Brief:
Without any of the pictures, transcribe all the lines below exactly.

Collected data entries:
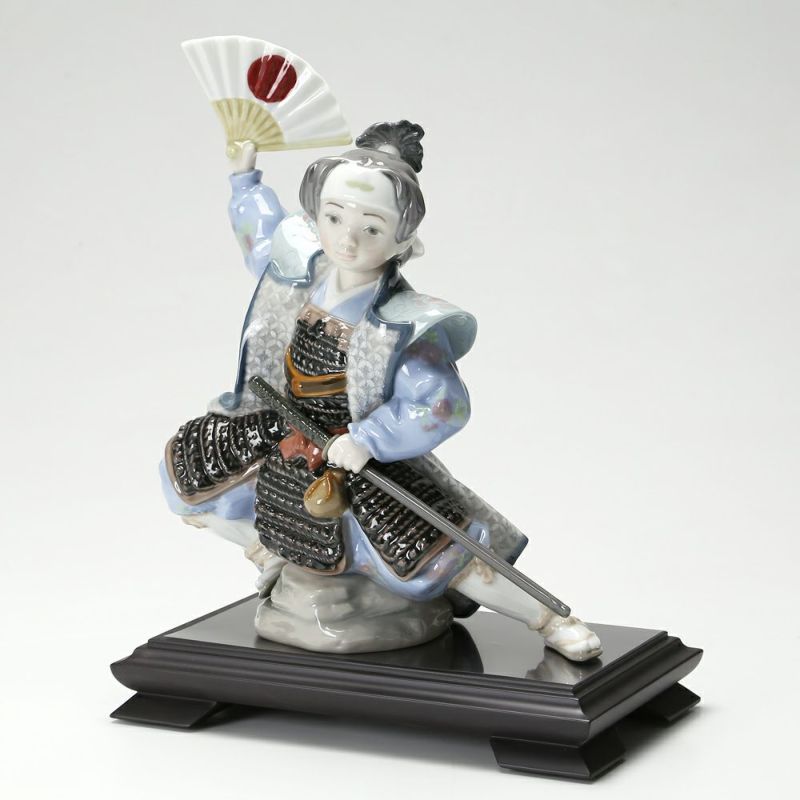 リヤドロ 桃太郎 08641（限定3500体）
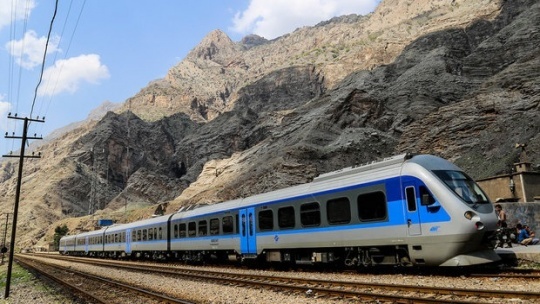 تهران - اصفهان در 1 ساعت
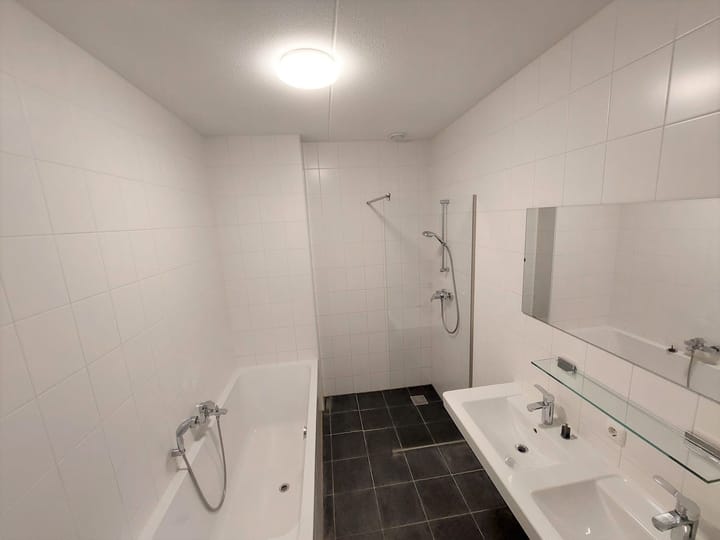 Photo 17 of Zeedijk 2-160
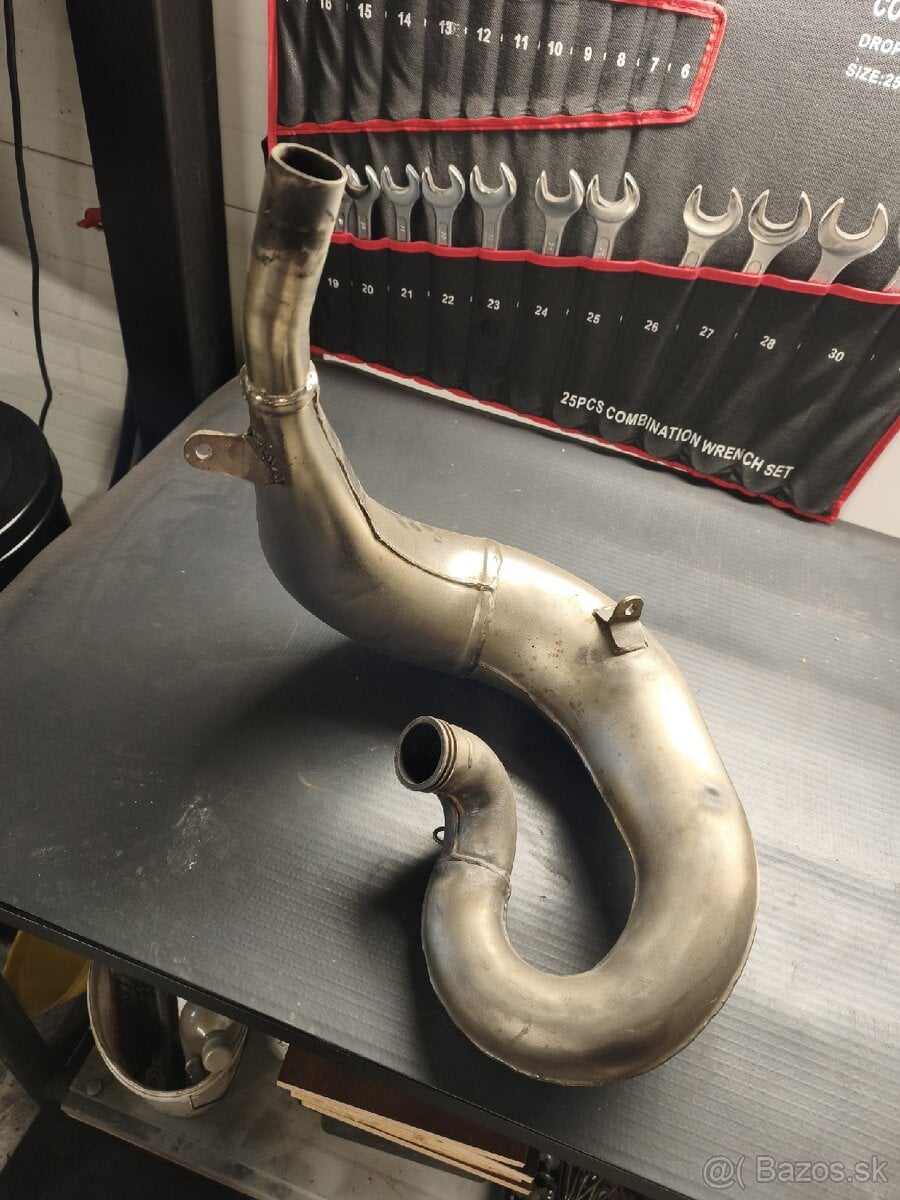 Predam vyfukove koleno ktm 300 2018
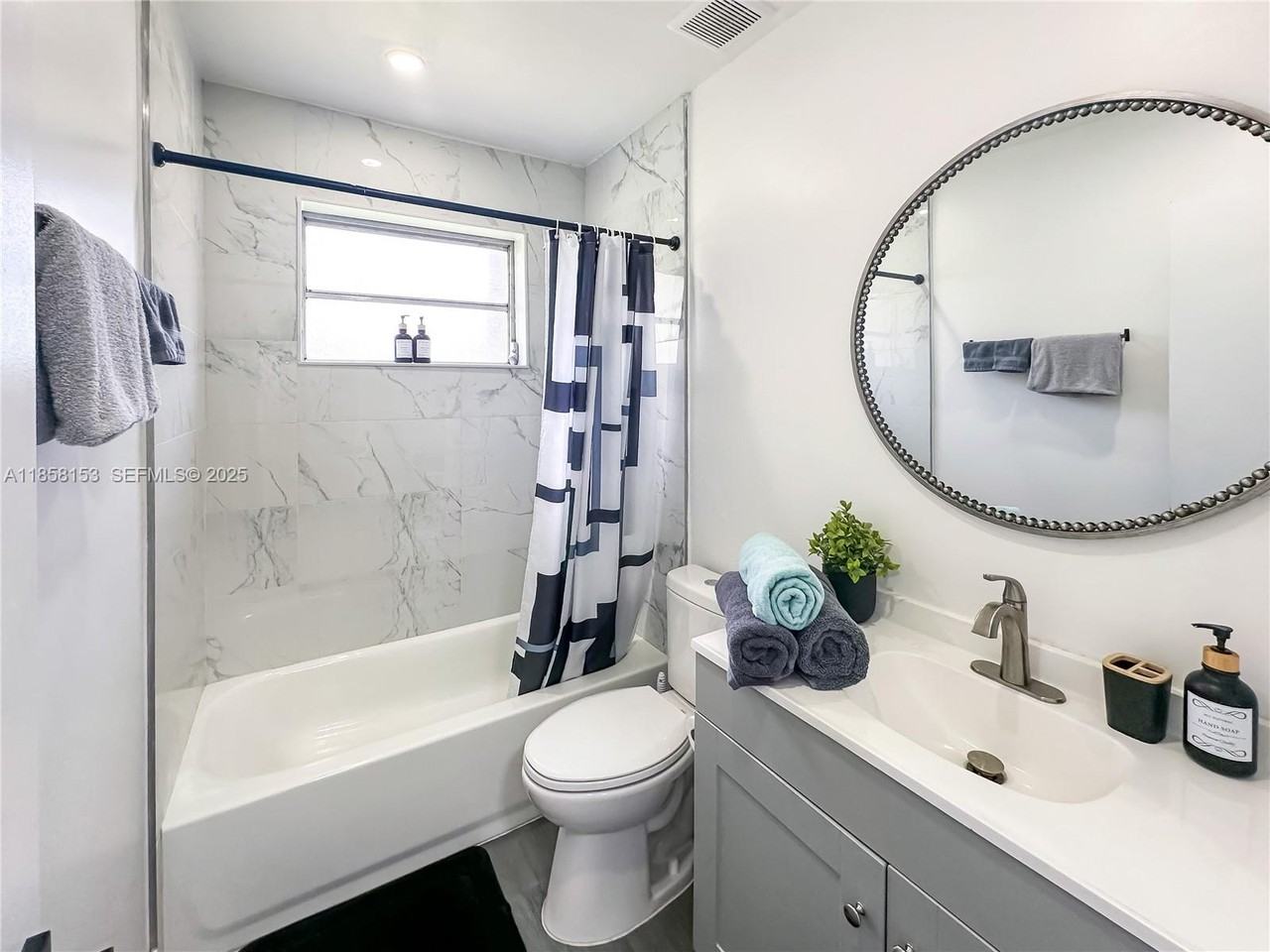 1050 Northwest 103rd Street - Photo 2 of 18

Answer section:
 リヤドロ 桃太郎 08641（限定3500体）
 تهران - اصفهان در 1 ساعت
 Photo 17 of Zeedijk 2-160
 Predam vyfukove koleno ktm 300 2018
 1050 Northwest 103rd Street - Photo 2 of 18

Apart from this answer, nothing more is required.